Within a day or two, American allies started to unknowingly play into the hand of the Japanese in sabotaging the modus vivendi plan for time. British Foreign Secretary Anthony Eden, who criticized Churchill at times for the confidence he placed on the Americans for help, advised that the modus vivendi was not strong enough, asserting that total withdrawal of all Japanese forces from all of Indochina should be demanded. He did not have the spirit of buying valuable time, nor did the advisor to Chiang Kai-shek, Owen Lattimore. Lattimore, an expert on Chinese affairs, contributed significantly to the public debate on the Americans’ involvement with China, and he told one of FDR’s assistants that Chiang was livid. Any agreement between the United States and Japan could dissolve the Chinese trust in the Americans. China could go down as a result of American diplomatic treachery. Hull’s response was that China could be no worse off than she is now.
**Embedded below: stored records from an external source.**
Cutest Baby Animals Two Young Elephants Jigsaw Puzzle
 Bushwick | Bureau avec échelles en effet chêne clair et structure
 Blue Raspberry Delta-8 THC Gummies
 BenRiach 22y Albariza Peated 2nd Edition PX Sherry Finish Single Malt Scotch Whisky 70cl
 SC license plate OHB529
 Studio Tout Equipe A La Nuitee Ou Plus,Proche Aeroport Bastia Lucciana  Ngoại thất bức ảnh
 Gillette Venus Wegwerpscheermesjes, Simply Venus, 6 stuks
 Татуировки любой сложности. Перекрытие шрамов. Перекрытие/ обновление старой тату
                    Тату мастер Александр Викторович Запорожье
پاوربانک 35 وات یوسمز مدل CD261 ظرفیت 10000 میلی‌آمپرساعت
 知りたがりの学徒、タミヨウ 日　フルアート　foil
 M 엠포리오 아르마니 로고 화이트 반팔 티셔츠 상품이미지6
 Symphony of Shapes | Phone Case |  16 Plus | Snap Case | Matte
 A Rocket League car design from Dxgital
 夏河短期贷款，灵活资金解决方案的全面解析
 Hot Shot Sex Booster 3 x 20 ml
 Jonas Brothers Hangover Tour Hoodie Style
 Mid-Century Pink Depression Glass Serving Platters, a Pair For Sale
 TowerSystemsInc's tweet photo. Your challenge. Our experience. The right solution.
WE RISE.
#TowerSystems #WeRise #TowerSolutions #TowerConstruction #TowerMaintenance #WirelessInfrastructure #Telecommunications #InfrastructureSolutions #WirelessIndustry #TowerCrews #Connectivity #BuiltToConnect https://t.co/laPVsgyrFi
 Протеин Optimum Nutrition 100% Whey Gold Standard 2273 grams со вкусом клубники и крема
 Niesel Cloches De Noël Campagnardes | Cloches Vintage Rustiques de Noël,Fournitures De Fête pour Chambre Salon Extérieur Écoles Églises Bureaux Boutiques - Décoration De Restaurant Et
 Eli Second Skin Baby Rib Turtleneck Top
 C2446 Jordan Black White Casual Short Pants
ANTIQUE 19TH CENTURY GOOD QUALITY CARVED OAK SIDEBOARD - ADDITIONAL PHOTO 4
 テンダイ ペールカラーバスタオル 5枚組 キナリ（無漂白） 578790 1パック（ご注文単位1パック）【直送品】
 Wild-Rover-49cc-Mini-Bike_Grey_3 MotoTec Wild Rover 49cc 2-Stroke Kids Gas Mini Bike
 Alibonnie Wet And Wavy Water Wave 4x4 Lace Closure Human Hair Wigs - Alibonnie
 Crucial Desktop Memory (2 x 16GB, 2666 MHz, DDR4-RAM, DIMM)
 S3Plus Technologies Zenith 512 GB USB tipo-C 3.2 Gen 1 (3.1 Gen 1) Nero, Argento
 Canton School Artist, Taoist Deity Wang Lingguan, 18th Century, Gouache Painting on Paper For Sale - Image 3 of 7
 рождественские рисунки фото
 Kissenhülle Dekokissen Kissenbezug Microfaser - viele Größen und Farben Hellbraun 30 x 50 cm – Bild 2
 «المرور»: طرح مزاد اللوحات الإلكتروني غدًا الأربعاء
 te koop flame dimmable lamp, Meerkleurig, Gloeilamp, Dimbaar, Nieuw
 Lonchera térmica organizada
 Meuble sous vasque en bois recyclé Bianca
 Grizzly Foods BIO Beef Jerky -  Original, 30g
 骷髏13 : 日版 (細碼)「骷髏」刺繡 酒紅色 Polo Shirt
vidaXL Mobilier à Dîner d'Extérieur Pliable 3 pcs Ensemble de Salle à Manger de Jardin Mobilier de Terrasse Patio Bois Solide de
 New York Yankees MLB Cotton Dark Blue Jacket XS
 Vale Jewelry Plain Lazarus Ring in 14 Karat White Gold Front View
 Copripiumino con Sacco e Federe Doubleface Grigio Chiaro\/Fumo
Stimson confided to Hull that not only would the Japanese not accept the new revision, but that the British and Chinese were determined that it shouldn’t even be presented. His only support had been from the Dutch.
Around midnight on November 25, a cable arrived from Churchill for FDR expressing his concern for the Chinese reaction to the latest proposal, as well as Churchill’s fear of Chiang Kai-shek’s potential collapse. In closing, however, he stated, “We are sure that the regard of the United States for the Chinese cause will govern your action.”48 Even Churchill was against it.
Now Stimson received a G-2 intelligence report of a Japanese expedition sailing from Shanghai south toward Indochina, and immediately he passed the report up to the White House, inquiring if the president had seen it. He had, and according to Stimson’s diary, FDR exploded, criticizing the Japanese for their bad faith “that while they were negotiating for an entire truce—an entire withdrawal (from China)—they should be sending this expedition down there to Indo-China.”49 As far as Roosevelt was concerned, everything had changed. And this negated the entire principle of the modus vivendi, which would have been the relaxation of trade restrictions on Japan in exchange for no further Japanese aggressive moves in Asia.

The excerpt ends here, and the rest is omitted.